Romãozinho era um menino endiabrado, filho de um casal de lavradores. O pai trabalhava de sol-a-sol na roça e romãozinho era encarregado de levar-lhe diariamente a refeição. A mãe sofria muito com as traquinagens do filho e a brutalidade do marido que a espancava por qualquer "dá cá aquela palha". Romãozinho gostava de ver sua mãe apanhar e, por isso, provocava brigas entre os seus pais.

Todos os dias que ia levar a comida para seu pai na roça, o capeta do menino comia a metade pelo caminho, razão pela qual o pai tinha sempre um motivo para espancar a mulher quando chegava em casa á noite, alegando que ela era uma pessoa mesquinha e que queria matá-lo de fome. A mulher retrucava que mandava comida suficiente e isso aumentava a raiva do marido.

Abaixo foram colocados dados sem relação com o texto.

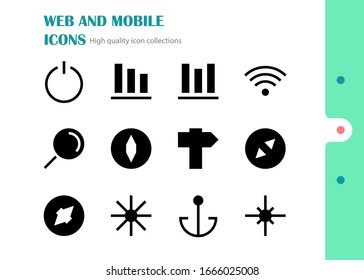 Outline vector icons for web and mobile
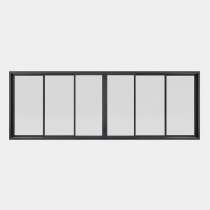 Baie coulissante ALU gamme Titans 6 vantaux 3 rails fermé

Certo dia, a pobre mãe matou uma galinha e preparou a capricho, mandando-a inteirinha para o marido. Romãozinho comeu tudo no caminho e chegando ao local do trabalho, onde o pai, faminto, o esperava, apresentou-lhe apenas os ossos da galinha, disse: ela manda dizer que se contente com os ossos, pois a carne guardou para o vigário.

Mal acabou de ouvir o que o filho lhe dizia, o homem saiu como louco e, chegando em casa, matou a mulher. No momento exato em que o marido matava a esposa, o mau filho estourou, deixando atrás de si um horrível cheiro de enxofre.

Desse dia em diante Romãozinho começou a aparecer às pessoas, fazendo boiadas arrebentarem os currais, virando panelas no fogo, furando vasilhames de água e jogando pedras nos telhados das casas. Ele virou bicho aos doze anos de idade e quando toma birra com uma pessoa ela tem que se mudar de terra.

Aquela altura, depois de ouvir, atentamente, a história de Romãozinho, urgia molhar a garganta e beliscar um churrasquinho de carne de bode, ali na beira do rio. Para minha surpresa e dos demais, a cachaça e os tira-gostos desapareceram num encanto.

Ainda ouvimos uma gargalhada estridente, que ecoava na curva do rio, enquanto regressávamos  ao porto das Pontas das Pedras.


Ao anoitecer chegamos  a  XiqueXique em tempo, ainda,  de vermos o deslumbrante por do sol que se descortinava  no horizonte  da ipueira. 
Na Avenida J.J. Seabra,  já refeito do susto, fui induzido a fechar o corpo, com  um brinde de januária,  no bar de Manezim, rezando alguns benditos e, em especial, o Salmo Noventa e Um.

Nilson Machado de Azevedo
 

2 comentários:

Anônimo disse...

Nesse dia eu tava pescando em riba de um canoa e vi Nilson tomando umas goró e chêi dos pau, la no Mocambo. As goró fez ele ver o tal do Romãozinho.rsrs

10/12/14 14:31
Anônimo disse...

Largue de menti, seu fi- duma- égua, Ele só bebe é guaraná de tubaína.